Para comprender la intención de los autores sagrados, se deben tomar en cuenta las condiciones de sus tiempos y cultura, además de los géneros literarios, es decir, los modos de expresarse de los autores de la época. Es de ingenuos creer que basta con establecer el significado literal del texto para comprender la Sagrada Escritura.

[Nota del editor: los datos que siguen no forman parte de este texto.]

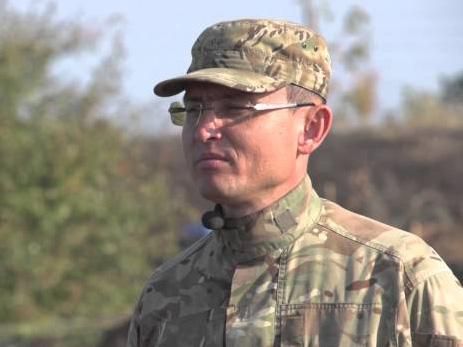 За минулу добу в зоні АТО загинули 2 українських військових, — Селезньов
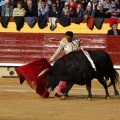 Feria taurina de la Magdalena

Se debe tomar en cuenta otro principio de recta interpretación, no menos importante que el precedente. La Biblia debe de ser leída e interpretada con la ayuda del Espíritu Santo que la inspiró. Esto quiere decir que la ciencia exegética sirve de poco si no existe una fe viva, una humildad profunda, el deseo de santidad y la oración continua. Hay que recordar que toda la Biblia tiene una unidad. Hay un único plan de salvación de Dios cuyo centro es Jesucristo. De hecho toda la Palabra de Dios tiene coherencia sólo después de la Pasión, Muerte y Resurrección del Hijo de Dios.
Es necesario leer la Biblia en la Tradición viva de la Iglesia Católica. Es ingenuo pretender interpretar los Textos Sagrados sin una referencia continua a la fe de la Iglesia, “la cual lleva en su Tradición la memoria viva de la Palabra de Dios y es el Espíritu Santo que le dona la interpretación según su sentido espiritual” (Orígenes). Es un bien que mi amigo se haya acercado personalmente a los Libros Sagrados, pero debió haberlos leído y comprendido con la misma fe con que los interpreta la Iglesia. Decía san Agustín: “No creería en el Evangelio si no me condujera a la autoridad de la Iglesia Católica”.
Las verdades de la Biblia son como piezas de un maravilloso mosaico. O para decirlo con la analogía anterior, son como los componentes de un bosque bellísimo. No se pueden hacer afirmaciones singulares sacándolas de todo el conjunto. Todas se armonizan admirablemente y se iluminan unas con otras, formando el único y grandioso proyecto de la Divina Revelación.